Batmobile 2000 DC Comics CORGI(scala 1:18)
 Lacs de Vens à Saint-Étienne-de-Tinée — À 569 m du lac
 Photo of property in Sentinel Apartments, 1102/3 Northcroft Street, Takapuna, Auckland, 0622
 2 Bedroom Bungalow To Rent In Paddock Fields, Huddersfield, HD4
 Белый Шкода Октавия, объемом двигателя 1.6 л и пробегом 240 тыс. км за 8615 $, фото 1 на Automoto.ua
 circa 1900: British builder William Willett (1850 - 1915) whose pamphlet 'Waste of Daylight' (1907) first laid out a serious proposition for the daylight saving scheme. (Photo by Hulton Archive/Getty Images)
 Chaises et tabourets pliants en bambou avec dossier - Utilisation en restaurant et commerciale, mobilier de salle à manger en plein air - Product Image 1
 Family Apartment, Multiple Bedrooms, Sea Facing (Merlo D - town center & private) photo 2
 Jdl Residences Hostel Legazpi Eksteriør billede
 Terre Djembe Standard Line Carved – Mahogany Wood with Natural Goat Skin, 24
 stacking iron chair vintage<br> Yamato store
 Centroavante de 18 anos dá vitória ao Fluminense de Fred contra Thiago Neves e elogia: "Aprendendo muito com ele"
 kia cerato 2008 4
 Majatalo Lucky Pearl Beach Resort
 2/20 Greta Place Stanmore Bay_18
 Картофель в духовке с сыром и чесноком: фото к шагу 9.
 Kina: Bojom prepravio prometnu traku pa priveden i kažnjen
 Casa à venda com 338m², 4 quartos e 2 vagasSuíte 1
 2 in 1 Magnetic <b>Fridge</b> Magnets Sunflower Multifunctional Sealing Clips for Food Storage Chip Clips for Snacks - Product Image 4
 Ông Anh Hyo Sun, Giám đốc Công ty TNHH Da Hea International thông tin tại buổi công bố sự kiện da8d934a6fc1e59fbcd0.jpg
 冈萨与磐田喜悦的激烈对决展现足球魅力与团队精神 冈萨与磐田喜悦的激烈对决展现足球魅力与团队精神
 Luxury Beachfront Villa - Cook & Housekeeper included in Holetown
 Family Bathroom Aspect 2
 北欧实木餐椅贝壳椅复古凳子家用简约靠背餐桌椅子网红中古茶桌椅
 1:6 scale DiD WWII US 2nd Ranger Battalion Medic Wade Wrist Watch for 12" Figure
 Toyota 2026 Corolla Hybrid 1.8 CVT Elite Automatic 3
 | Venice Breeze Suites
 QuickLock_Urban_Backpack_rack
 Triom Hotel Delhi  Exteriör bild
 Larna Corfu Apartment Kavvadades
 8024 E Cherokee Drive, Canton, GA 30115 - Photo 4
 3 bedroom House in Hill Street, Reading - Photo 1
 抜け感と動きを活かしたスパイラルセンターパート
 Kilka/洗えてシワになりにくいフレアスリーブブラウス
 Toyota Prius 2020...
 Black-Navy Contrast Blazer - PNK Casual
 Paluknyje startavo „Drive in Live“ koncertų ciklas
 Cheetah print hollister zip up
□ □ □
Which lines above run from the one containing "Lacs de Vens" to the one containing "Casa à venda"? Give them again exactly, both ends included.

 Lacs de Vens à Saint-Étienne-de-Tinée — À 569 m du lac
 Photo of property in Sentinel Apartments, 1102/3 Northcroft Street, Takapuna, Auckland, 0622
 2 Bedroom Bungalow To Rent In Paddock Fields, Huddersfield, HD4
 Белый Шкода Октавия, объемом двигателя 1.6 л и пробегом 240 тыс. км за 8615 $, фото 1 на Automoto.ua
 circa 1900: British builder William Willett (1850 - 1915) whose pamphlet 'Waste of Daylight' (1907) first laid out a serious proposition for the daylight saving scheme. (Photo by Hulton Archive/Getty Images)
 Chaises et tabourets pliants en bambou avec dossier - Utilisation en restaurant et commerciale, mobilier de salle à manger en plein air - Product Image 1
 Family Apartment, Multiple Bedrooms, Sea Facing (Merlo D - town center & private) photo 2
 Jdl Residences Hostel Legazpi Eksteriør billede
 Terre Djembe Standard Line Carved – Mahogany Wood with Natural Goat Skin, 24
 stacking iron chair vintage<br> Yamato store
 Centroavante de 18 anos dá vitória ao Fluminense de Fred contra Thiago Neves e elogia: "Aprendendo muito com ele"
 kia cerato 2008 4
 Majatalo Lucky Pearl Beach Resort
 2/20 Greta Place Stanmore Bay_18
 Картофель в духовке с сыром и чесноком: фото к шагу 9.
 Kina: Bojom prepravio prometnu traku pa priveden i kažnjen
 Casa à venda com 338m², 4 quartos e 2 vagasSuíte 1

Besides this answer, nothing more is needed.